Task instructions
Print exactly, and only, the lines running from the line containing "BODY PROTEIN PROTEíNA" through the end of the records below.

Items listed in a dataset

== == ==

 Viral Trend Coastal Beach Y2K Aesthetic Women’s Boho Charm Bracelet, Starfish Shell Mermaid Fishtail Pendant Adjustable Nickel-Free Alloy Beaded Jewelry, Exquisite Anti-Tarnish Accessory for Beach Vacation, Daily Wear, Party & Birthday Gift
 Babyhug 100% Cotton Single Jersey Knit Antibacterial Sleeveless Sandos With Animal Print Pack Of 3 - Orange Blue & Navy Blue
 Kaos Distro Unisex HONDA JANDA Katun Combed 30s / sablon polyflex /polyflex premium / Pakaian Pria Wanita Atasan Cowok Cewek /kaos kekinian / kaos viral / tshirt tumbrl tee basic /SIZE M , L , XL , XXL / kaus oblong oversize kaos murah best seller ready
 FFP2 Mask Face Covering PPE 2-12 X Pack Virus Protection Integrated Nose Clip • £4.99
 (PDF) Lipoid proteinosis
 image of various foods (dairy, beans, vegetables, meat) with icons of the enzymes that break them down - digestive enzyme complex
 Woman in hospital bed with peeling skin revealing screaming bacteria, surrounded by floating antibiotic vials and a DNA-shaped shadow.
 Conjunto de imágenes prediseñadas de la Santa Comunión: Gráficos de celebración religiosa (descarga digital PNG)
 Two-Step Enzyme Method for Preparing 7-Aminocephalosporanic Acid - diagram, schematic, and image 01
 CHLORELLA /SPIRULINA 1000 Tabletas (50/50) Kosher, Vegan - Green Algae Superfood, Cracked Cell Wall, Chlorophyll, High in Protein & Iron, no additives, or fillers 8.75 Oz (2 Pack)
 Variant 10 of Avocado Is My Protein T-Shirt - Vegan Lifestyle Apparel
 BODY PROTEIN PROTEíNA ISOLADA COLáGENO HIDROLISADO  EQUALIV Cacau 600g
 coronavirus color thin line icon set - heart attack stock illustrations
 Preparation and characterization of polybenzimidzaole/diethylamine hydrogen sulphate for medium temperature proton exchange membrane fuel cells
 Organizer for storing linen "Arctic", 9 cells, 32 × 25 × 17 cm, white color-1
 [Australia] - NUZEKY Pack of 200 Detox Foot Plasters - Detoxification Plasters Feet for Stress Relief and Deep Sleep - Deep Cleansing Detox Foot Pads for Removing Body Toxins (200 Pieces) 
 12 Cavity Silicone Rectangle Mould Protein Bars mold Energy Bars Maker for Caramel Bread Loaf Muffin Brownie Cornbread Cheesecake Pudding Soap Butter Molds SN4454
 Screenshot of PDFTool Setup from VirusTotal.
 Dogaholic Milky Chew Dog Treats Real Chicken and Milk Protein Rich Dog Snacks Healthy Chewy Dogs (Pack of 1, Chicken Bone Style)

== == ==

Reply to the exercise
 BODY PROTEIN PROTEíNA ISOLADA COLáGENO HIDROLISADO  EQUALIV Cacau 600g
 coronavirus color thin line icon set - heart attack stock illustrations
 Preparation and characterization of polybenzimidzaole/diethylamine hydrogen sulphate for medium temperature proton exchange membrane fuel cells
 Organizer for storing linen "Arctic", 9 cells, 32 × 25 × 17 cm, white color-1
 [Australia] - NUZEKY Pack of 200 Detox Foot Plasters - Detoxification Plasters Feet for Stress Relief and Deep Sleep - Deep Cleansing Detox Foot Pads for Removing Body Toxins (200 Pieces) 
 12 Cavity Silicone Rectangle Mould Protein Bars mold Energy Bars Maker for Caramel Bread Loaf Muffin Brownie Cornbread Cheesecake Pudding Soap Butter Molds SN4454
 Screenshot of PDFTool Setup from VirusTotal.
 Dogaholic Milky Chew Dog Treats Real Chicken and Milk Protein Rich Dog Snacks Healthy Chewy Dogs (Pack of 1, Chicken Bone Style)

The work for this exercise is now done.